2011 National Meeting

3051 — Accounting for Symptom Severity and Other Item Level Characteristics Yields a More Precise Measure of Depression

Kudel I (Cincinnati VAMC) , Edwards MC (The Ohio State University), Justice AC (Veterans Affairs Connecticut Healthcare System), Tsevat J (Cincinnati VAMC)

Objectives:
Depression screening is routinely conducted in outpatient settings, but the statistical approach for deriving the score – summing responses across items – assumes that each item has the same psychometric properties and carries equal weight. Alternative state-of-the-art scoring methods such as item response theory (IRT) can differentially weight item-level characteristics such as symptom severity, thereby yielding more precise scores. In this study, we compared scores on a depression measure using the sum-score vs. an IRT-score.

Methods:
Outpatients without HIV (N = 2813) enrolled in the Veterans Aging Cohort Study, an ongoing longitudinal, prospective study, responded to the PHQ-9, a 9-item measure used widely to screen for depression. The data were analyzed to produce a sum-score and an IRT-score. The latter procedure required 2 steps: 1) the Graded Response Model produced item properties, and 2) item properties were applied to every response from each patient to produce a score.

Results:
Veterans were predominantly male, African-American, and middle-aged. The sum-score procedure yielded all 28 different possible scores (range 0-27). The first step of the IRT analyses ordered the 9-items from least severe (changes in sleep) to most severe (suicidal ideation). The 2nd step yielded 931 discrete scores in a standard normal distribution (mean = 0, sd = 1) ranging from -1.06 to 2.58. The number of IRT scores per sum-score ranged from 1-89 and each sum-score masked an average of 0.43 sd of IRT scores. Patients with a sum score at the cut-point of 10 (scores >= 10 indicate major depression) differed by as much as .63 sd, indicating different levels of depression. Conversely, some patients with dissimilar sum-scores had very similar IRT scores.
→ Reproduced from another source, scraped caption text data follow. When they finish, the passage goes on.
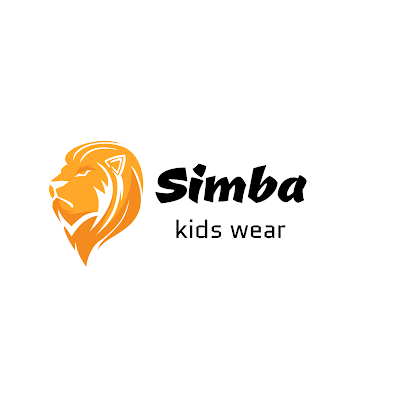Simba(kids wear)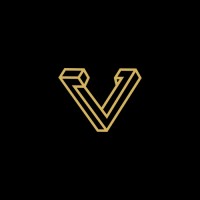 Voyage Visuals logo - Similar company to Orange Astronaut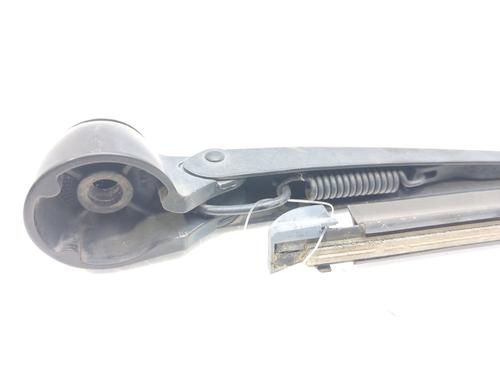 Rear windshield wiper arm AUDI A3 (8L1) 1.9 TDI | BP12417400C144 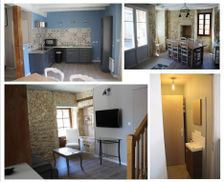 France Nouvelle-Aquitaine Vibrac vacation rental compare prices direct by owner 4254746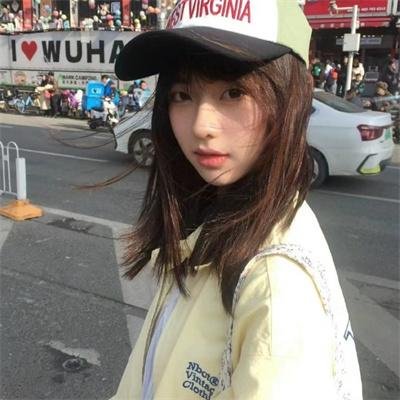 使命必达外卖员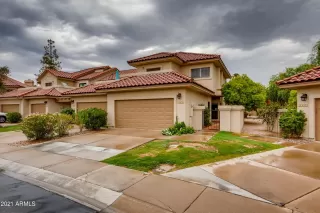 Photo #1: 6255518 Listing 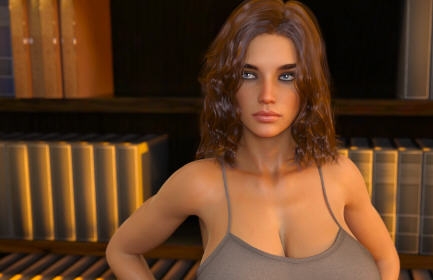 【欧美SLG/汉化/动态】权力真空(Power Vacuum)CH12 汉化版 【PC+安卓】 动态SLG游戏 3.5G-在线ACG，视频动画，漫画，动漫，绅士游戏，3D漫画，福利图片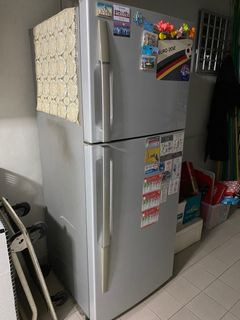 (Category: ) located in . Submitted by ca5542cl (Listing ID 1221046656, Image 1). Description: .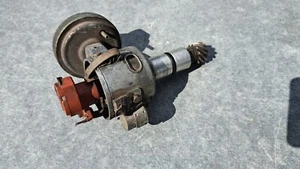 BMW E21 E12 Zündverteiler BOSCH 0231181016 M10-Motor JFUD4 - Picture 1 of 13
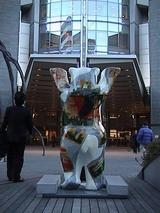 bear 2005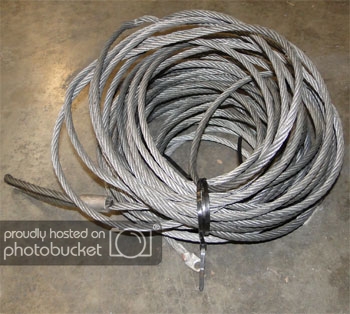 Usedwinchcable_zps8a6ed388.jpg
For example, two respondents had sum-scores of 7 and 10, but IRT scores of 0.484 and 0.485, respectively, indicating that they actually had comparable levels of depression.

Implications:
Modeling self-report data on the PHQ-9 using IRT produces scores that reflect more fine-grained differences among respondents and therefore more precise indicators of depression.

Impacts:
Applying IRT scoring to the PHQ-9 may revolutionize the detection of depression in primary care if it can be easily administered and prove better at identifying veterans with major depression.